_WHAT THE TASK ASKS_
Pictures are not part of the copy. Set down exactly the lines from the one containing "Leopard Shark illustration" through the last line of the material below.

_EXTRACTED RECORDS_

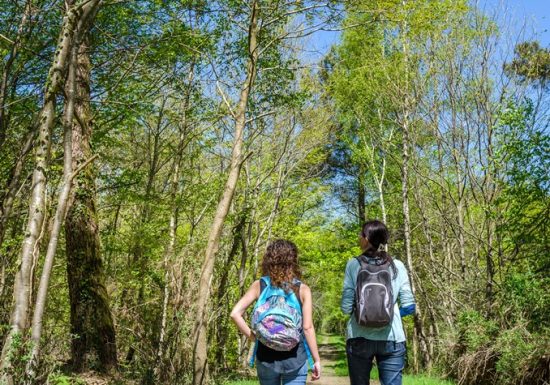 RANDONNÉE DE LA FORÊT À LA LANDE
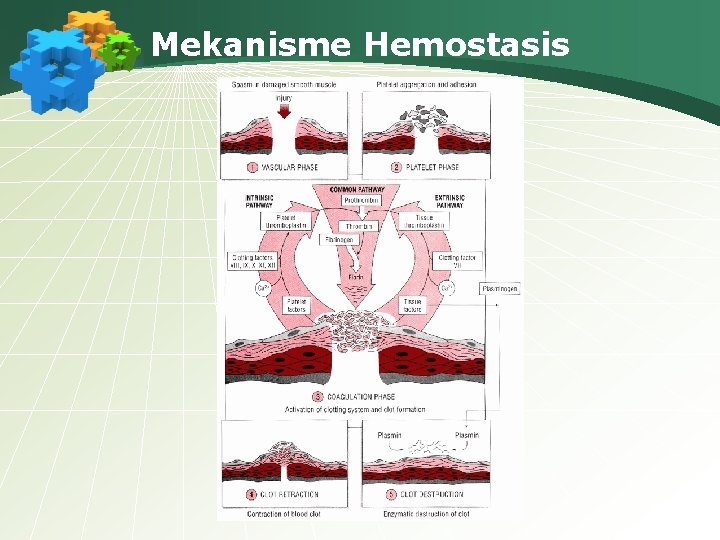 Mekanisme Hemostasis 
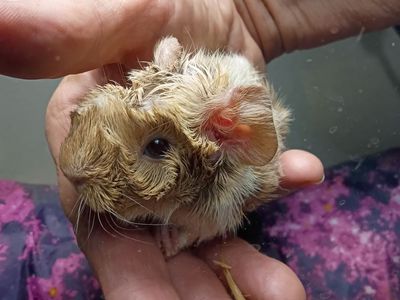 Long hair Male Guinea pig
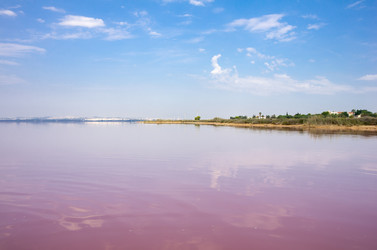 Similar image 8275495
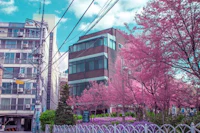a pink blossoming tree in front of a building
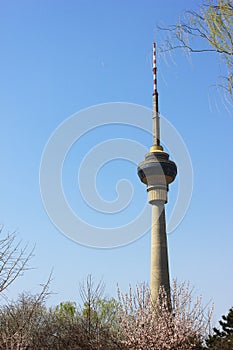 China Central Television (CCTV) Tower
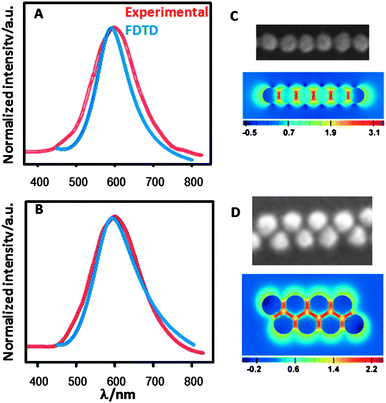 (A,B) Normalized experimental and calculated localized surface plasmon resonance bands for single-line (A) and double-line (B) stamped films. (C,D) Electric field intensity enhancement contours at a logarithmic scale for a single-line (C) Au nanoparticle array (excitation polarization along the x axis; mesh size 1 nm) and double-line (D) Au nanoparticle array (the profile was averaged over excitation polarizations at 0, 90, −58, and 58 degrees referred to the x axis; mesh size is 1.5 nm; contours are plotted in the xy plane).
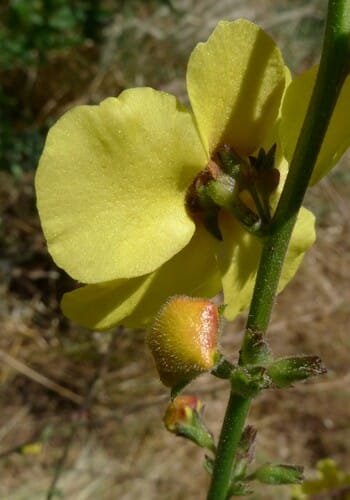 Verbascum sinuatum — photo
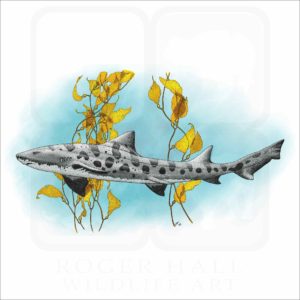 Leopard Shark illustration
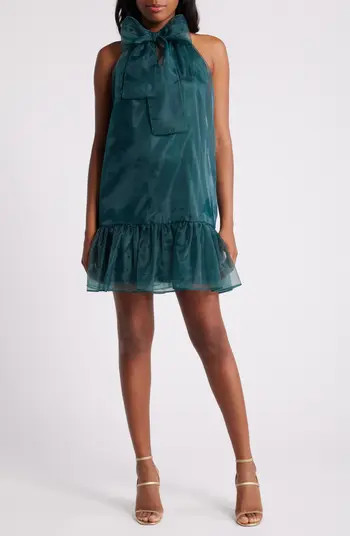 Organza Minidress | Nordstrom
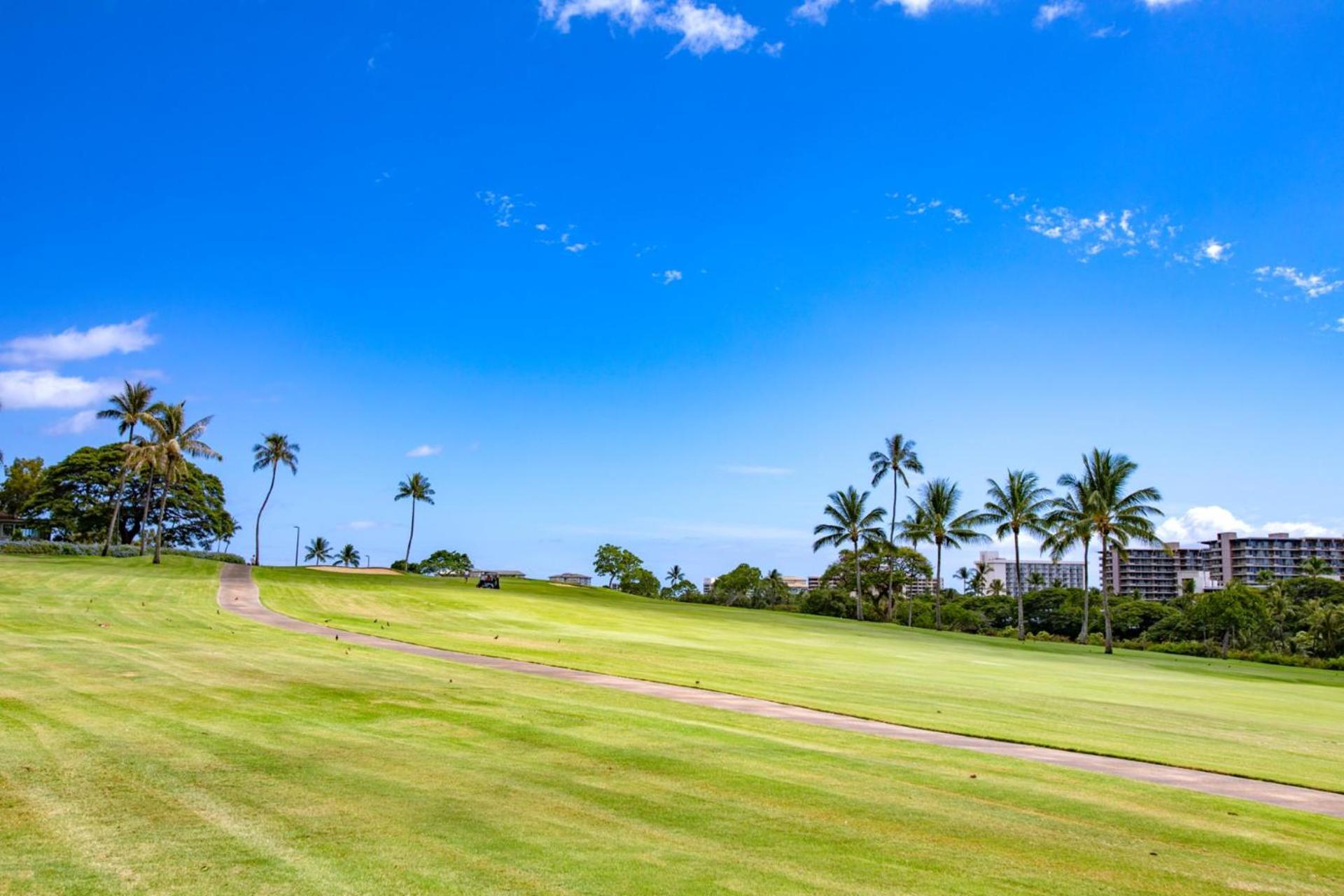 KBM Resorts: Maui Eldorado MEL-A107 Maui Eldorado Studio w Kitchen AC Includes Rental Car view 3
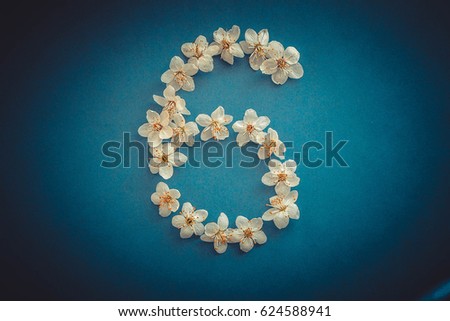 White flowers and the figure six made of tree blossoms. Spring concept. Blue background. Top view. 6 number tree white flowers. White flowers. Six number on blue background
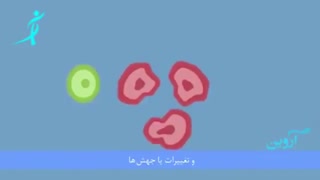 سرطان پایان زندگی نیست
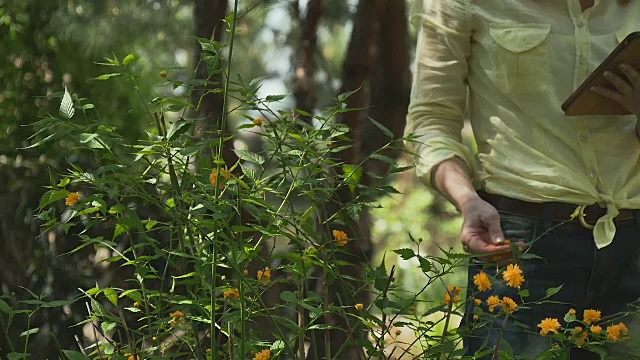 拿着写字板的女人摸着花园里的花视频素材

_TASK RESPONSE_
 Leopard Shark illustration
 Organza Minidress | Nordstrom
 KBM Resorts: Maui Eldorado MEL-A107 Maui Eldorado Studio w Kitchen AC Includes Rental Car view 3
 White flowers and the figure six made of tree blossoms. Spring concept. Blue background. Top view. 6 number tree white flowers. White flowers. Six number on blue background
 سرطان پایان زندگی نیست
 拿着写字板的女人摸着花园里的花视频素材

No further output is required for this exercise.